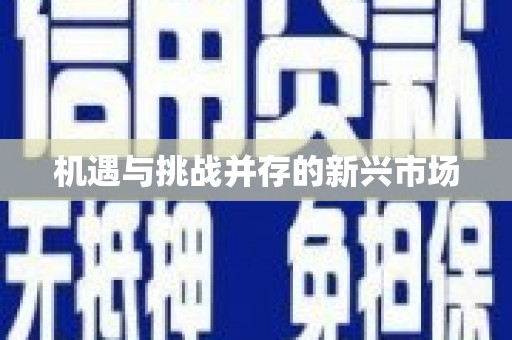 湖内机遇与挑战并存的新兴市场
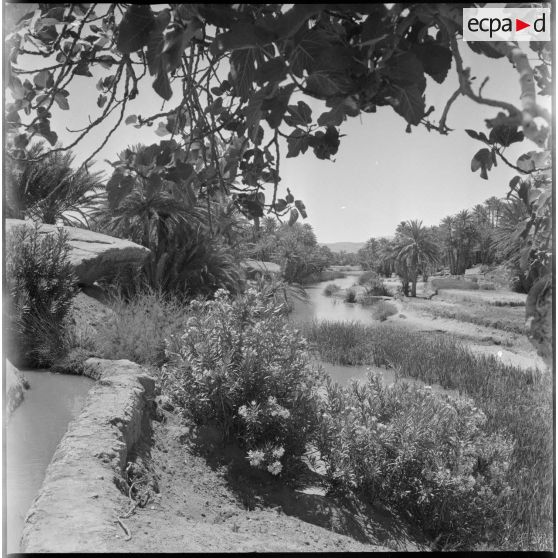 [La végétation de la palmeraie de Tiout.]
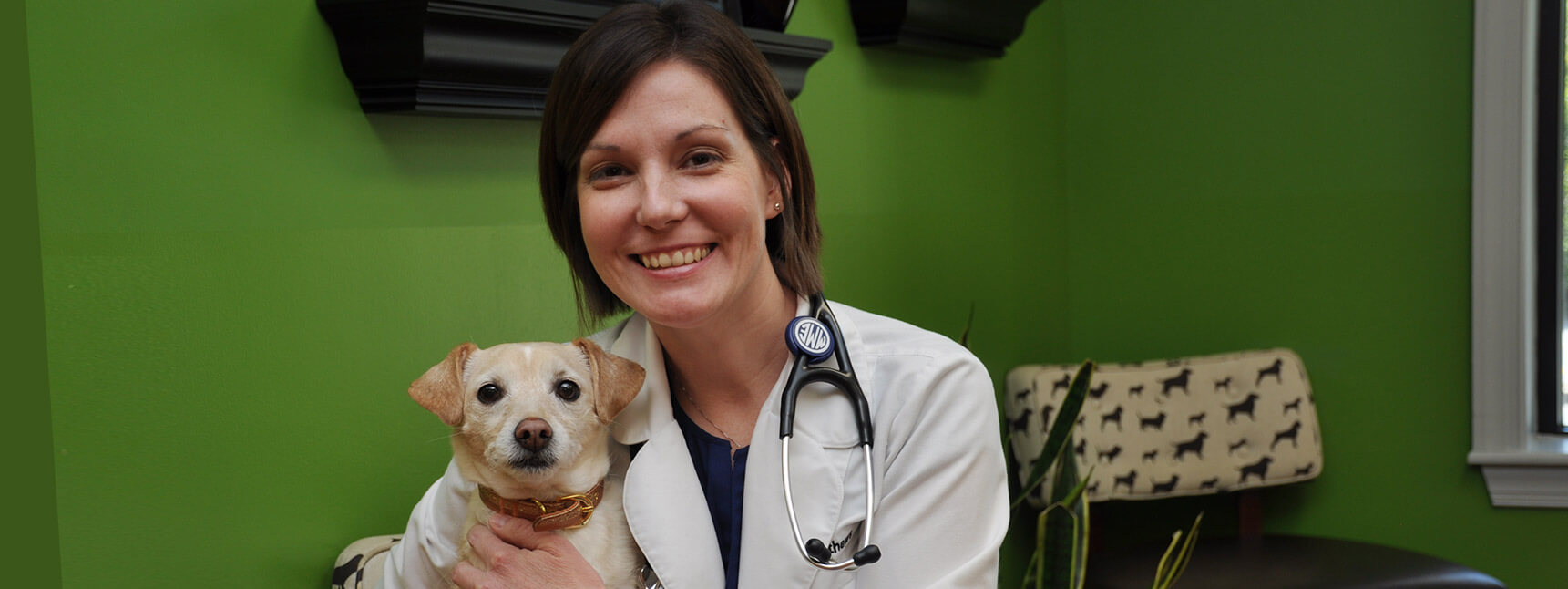 Montrose Animal Hospital and Pet HotelVeterinarian in East Cobb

┄┄┄┄┄┄

Make a word-for-word repeat of the material, skipping all pictures.

 湖内机遇与挑战并存的新兴市场
 [La végétation de la palmeraie de Tiout.]
 Montrose Animal Hospital and Pet HotelVeterinarian in East Cobb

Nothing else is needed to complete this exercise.